By 3:30 PM, we had depleted our energy so we began to pack up the equipment and get the trucks loaded up. Having climbed over 50 trees, we were successful in collecting over 3 bushels of cones. After stopping by the Cheat Mountain club for a quick visit with Jason and Carl, we arrived back at Shot Cherry Cabin about 5 PM, and had enough time to clean up before heading "out to dinner." The Mountain Instituteís Spruce Mountain Campus is just 2 miles down the road, and Alton, Marcie and Ryan had invited us to join them during their Family Weekend for dinner. We arrived at the campus to find parents constructing bat boxes with their kids. Wonderful smells were coming from the kitchen where Natalie and Brent were busy preparing the meal. We cone pickers mingled with the families and helped put the finishing touches on the bat boxes. After dinner everyone gathered in the main classroom where I presented a talk about our balsam fir conservation project. We headed back to Shot Cherry Cabin and it wasn't long before "lights out."

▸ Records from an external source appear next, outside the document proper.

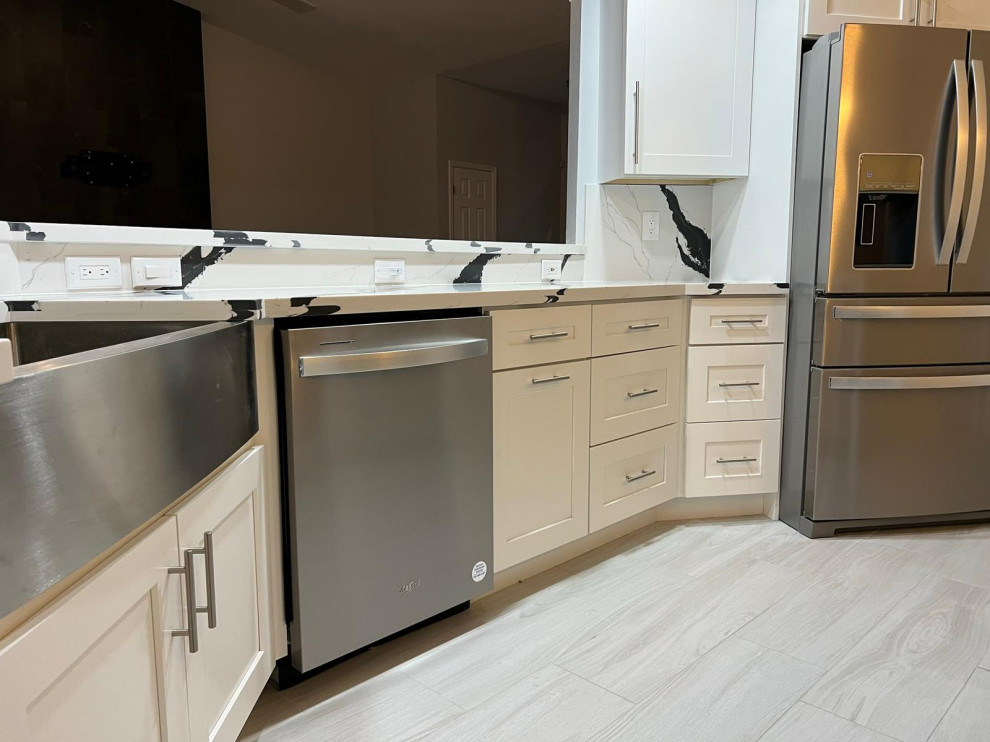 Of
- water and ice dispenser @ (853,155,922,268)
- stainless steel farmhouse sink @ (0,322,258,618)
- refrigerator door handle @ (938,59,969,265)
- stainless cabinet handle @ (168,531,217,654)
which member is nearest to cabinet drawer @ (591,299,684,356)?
water and ice dispenser @ (853,155,922,268)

On Sunday, a few of us met at the Pigs Ear, and joined Alton Byers from the Mountain Institute and Rod Bartgis of The Nature Conservancy and collected cones from a few trees at Blister Swamp on the Dalen Farm. We had a great afternoon as Rodney led a tour of the swamp and itís many unique features. Some of us stayed at the house and enjoyed talking with Sugar and John. Our cone collecting endeavors are now complete.
Our goal was to collect cones from as many stands of balsam fir from around the state as possible, thus protecting any genetic diversity that exists within the sub-species. We were successful in getting seed from 11 separate stands within itís 50 mile range. We collected cones from every major stand of fir except the one on Big Stonecoal Run of Red Creek. We did enjoy a warm, welcome and appreciative relationship with the US Fish and Wildlife Service for gathering cones on the Canaan Valley National Wildlife Refuge. Canaan Valley State Park folks were very cooperative in giving us access to the fir trees there. In addition, On August 18 we were allowed access to trees by Ryan Bidwell and several other private property owners. Mission accomplished! Greenbrier District Ranger, Ken Rago issued a limited permit to collect seed at Blister Run.
The Natural Resource Conservation Service is now undertaking the seed extraction, stratification, and germination procedure for some seed, and will seed bank the rest.